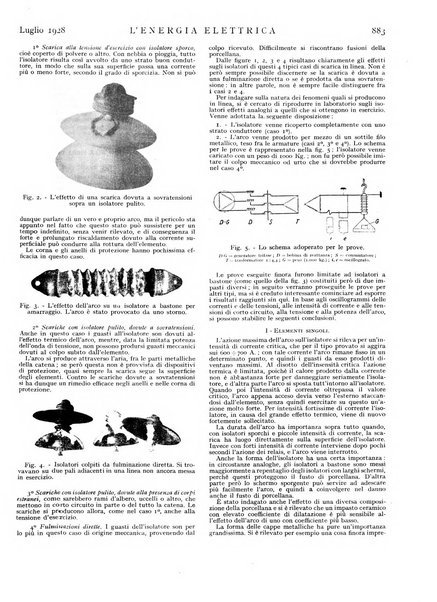 L'energia elettrica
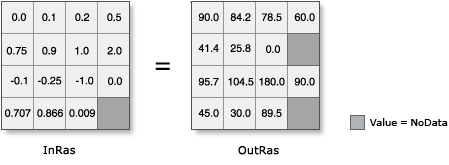ACos illustration with output converted from Radians to Degrees ACos illustration with output converted from Radians to Degrees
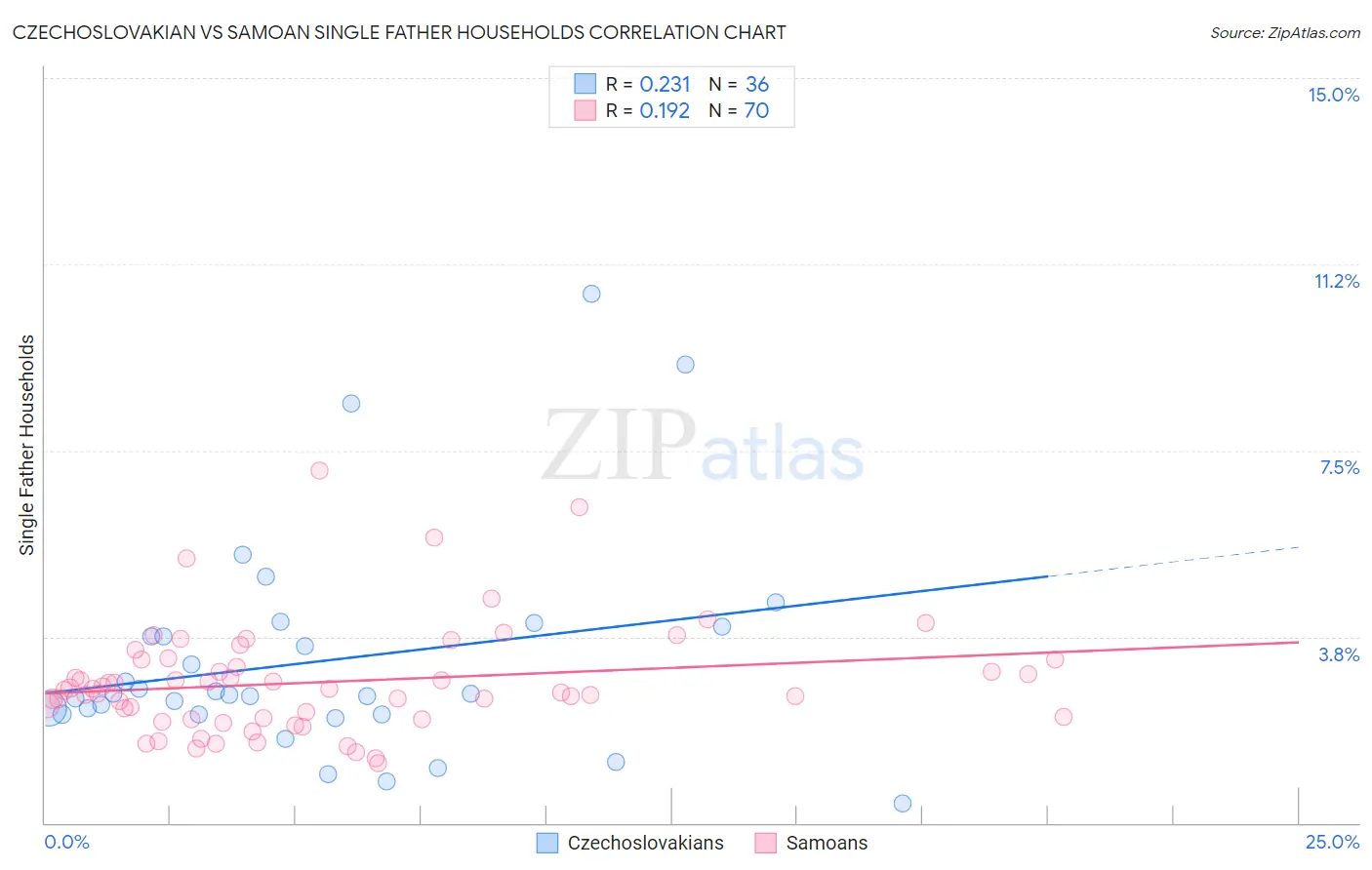 Czechoslovakian vs Samoan Single Father Households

_ _ _

Brief -
In your copy, include no pictures; print every line above exactly.

Task answer -
 L'energia elettrica
ACos illustration with output converted from Radians to Degrees ACos illustration with output converted from Radians to Degrees
 Czechoslovakian vs Samoan Single Father Households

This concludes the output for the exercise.